March of the Minnows

2016 could be Northern Ireland’s best ever chance of qualifying for the European Championships. Often perceived as the weakest of the United Kingdom’s national teams, their best showing on the world stage was a Round of 16 finish at the 1982 World Cup with a team featuring Manchester United’s then teenage prodigy Norman Whiteside.

However, football is currently back on the lips of people on the streets of Belfast as they sit on top of Group F with a maximum 9 points, having racked up impressive wins against Finland, Greece and Hungary. This magical run of form encouraged us to check what statistical patterns we could see from their Euro 2016 qualification matches, ahead of their next challenge against second place Romania.

Firstly their defence has been impeccable, with only one goal conceded from three games, and looks like only improving with the introduction of Manchester United centre-back Paddy McNair into the squad for the upcoming match at Windsor Park. Northern Ireland’s backline has limited their opponents to an impressively low average of 1.7 ‘high scoring’ chances per match.


They average less ‘live ball possession’ than their opponents (45%) and employ counter-attacking tactics – 15 ‘counter-attack style’ build-up moves per game compared to their opponents’ average of 6. The quality of Northern Ireland’s passing, as exemplified by the fantastic team move which set up Niall McGinn’s equaliser in Hungary, is evident in their 46% ‘high quality’ ratio, taken from their all their ‘passing-style’ build-up moves. This is only 3% less than the ratio recorded by reigning champions and ‘tika-taka’ kings Spain.

Group B is another collection of teams that look evenly matched, with at least 4 teams seemingly capable of taking top spot. Leaders Wales face a big test against World Cup quarter-finalists Belgium this weekend. If we compare the two teams’ performances against underdogs Andorra as an indicator, we might assume Belgium have the edge.

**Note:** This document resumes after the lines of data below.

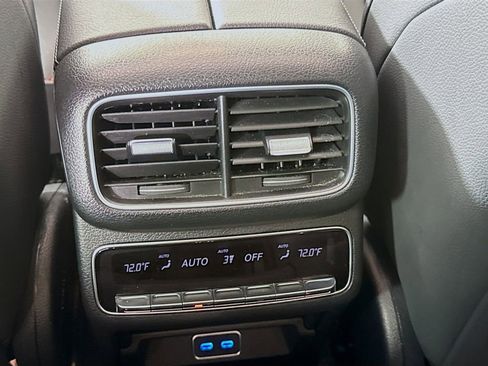 Used 2024 Mercedes-Benz GLS 450 4MATIC image 27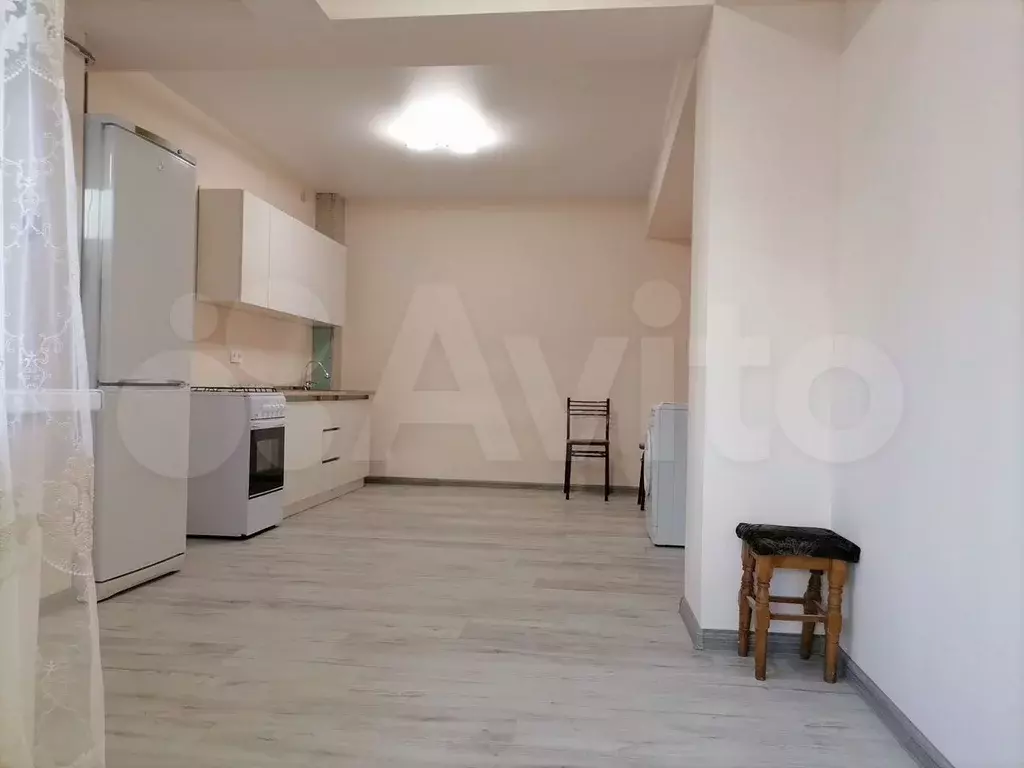 1-к. квартира, 56 м, 1/9 эт. - Фото 0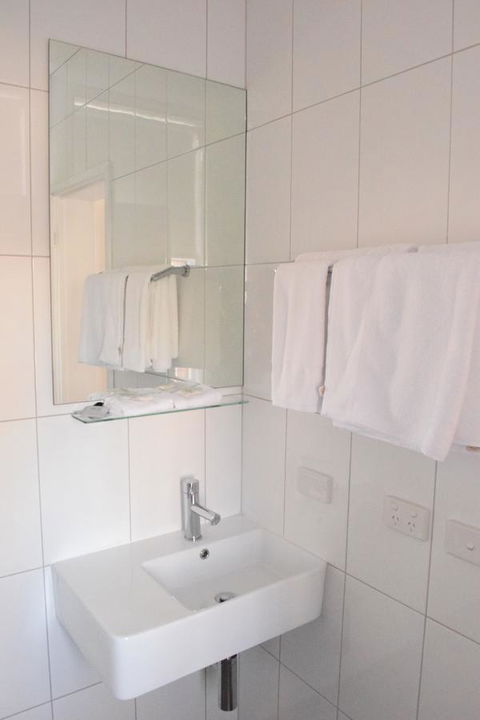 CROWN CENTRAL BUSINESS DISTRICT MOTEL - NO UNDER 18s - Darwin Holiday 29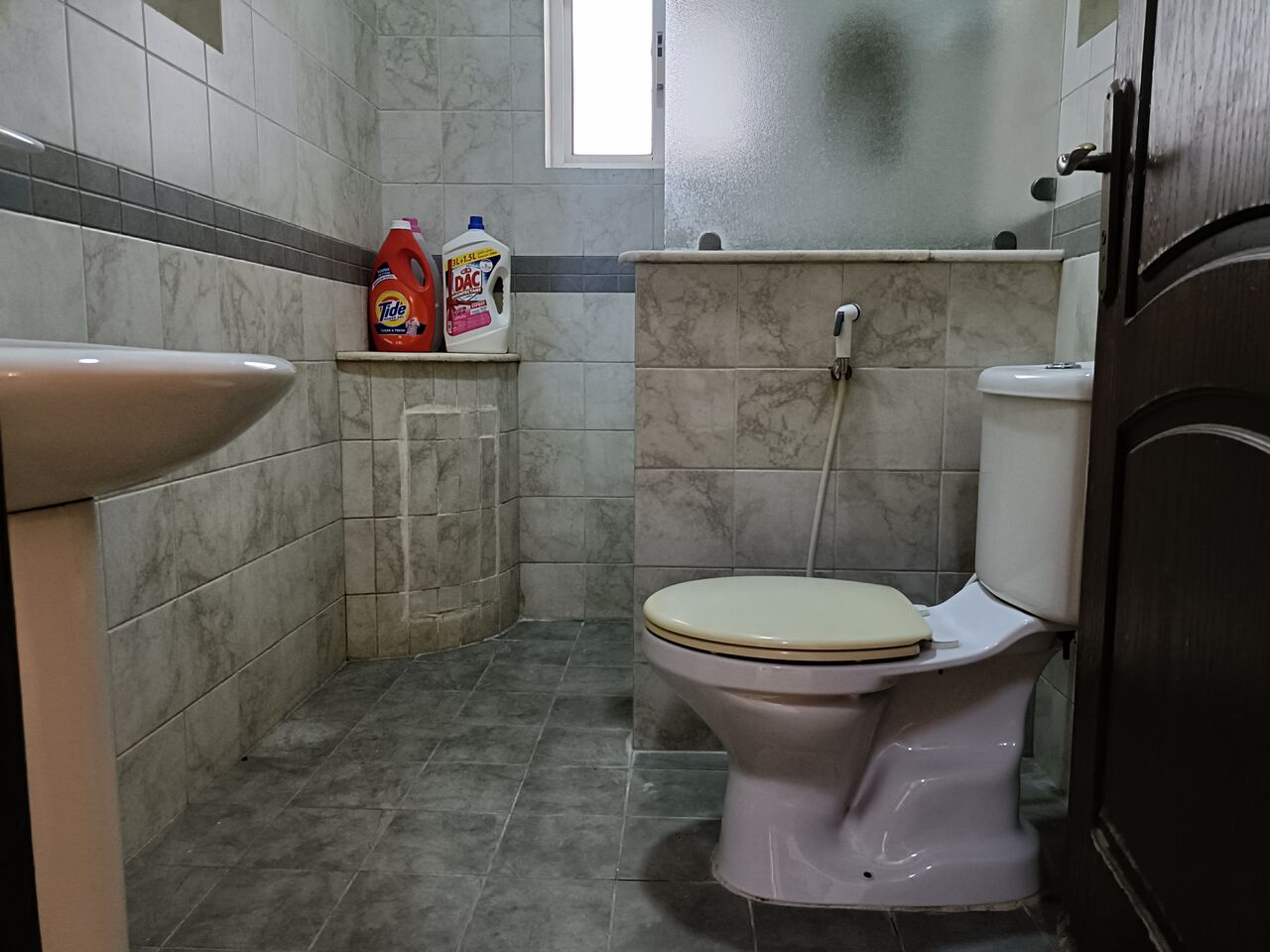 Mahooz, Apartments, Flats, Houses & Villas, BHD 270/month,  2 BR,  180 Sq. Meter,  Semi Furnished 2bhk With Unlimited Ewa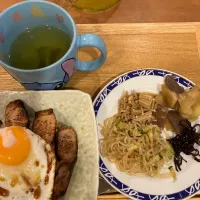 Snapdishの料理写真:チャーシュー目玉焼き丼|なつこいっきママさん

Belgium, featuring Premier League stars including Thibault Courtois, Divock Origi and Nacer Chadli, brushed aside the minnows 6-0, creating 25 ‘good scoring chances from 71 passages of ‘advanced possession’. Wales, who had to come from behind to grab a 2-1 win, only managed 12 ‘good scoring chances from their 50 passages of ‘advanced possession’ against the same opponents.


Another team which has taken everyone by surprise is Iceland. Inspired by a brace from Swansea City playmaker Gylfi Sigurdsson, they achieved a historic 2-0 win over Holland, and can boast a perfect record at the top of Group A. While not conceding a single goal in their matches, the Nordic side have created themselves a healthy average of 12.4 medium-high scoring chances per game, proving their worth at either end of the field.

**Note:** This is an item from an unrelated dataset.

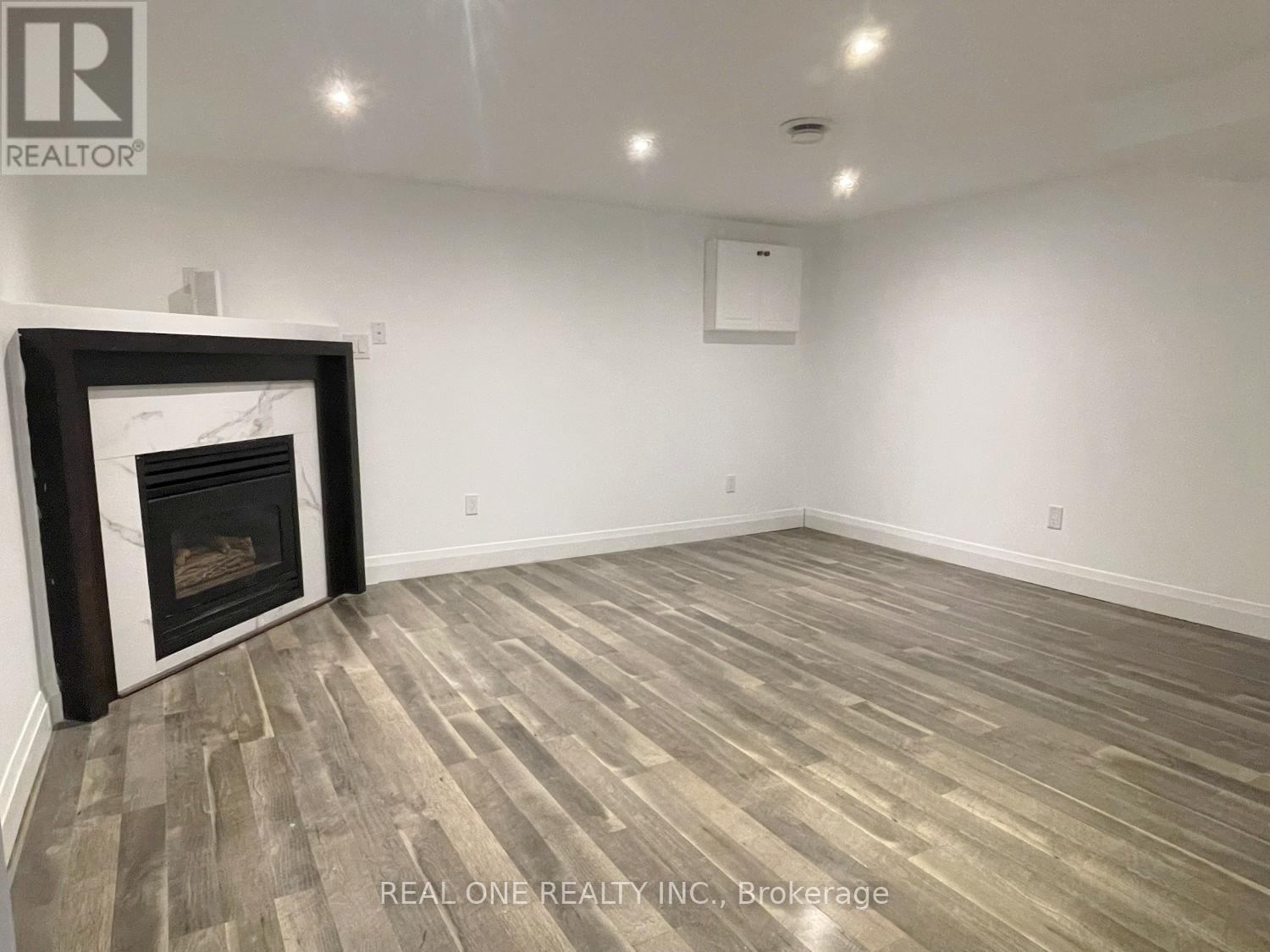 Basement - 1074 Upper Sherman Avenue, Hamilton, Ontario  L8V 3N5 - Photo 5 - X12746768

An international friendly at Old Trafford sees Carlos Tevez return to the Argentina team after an absence of over three years, as they face off against Portugal. Tevez and Cristiano Ronaldo are both returning to the home of their former club Manchester United, and Portugal’s defence should be on guard against an Argentina team that has scored 13 goals in their last 3 games.

The brilliance of Lionel Messi, Sergio Aguero and Angel Di Maria is evident in Argentina’s 52% ‘high quality’ ratio from their average of 11 ‘individual style’ build-up moves per game, similarly the sublime skills of Ronaldo and Nani are reflected in Portugal’s 46% from 13.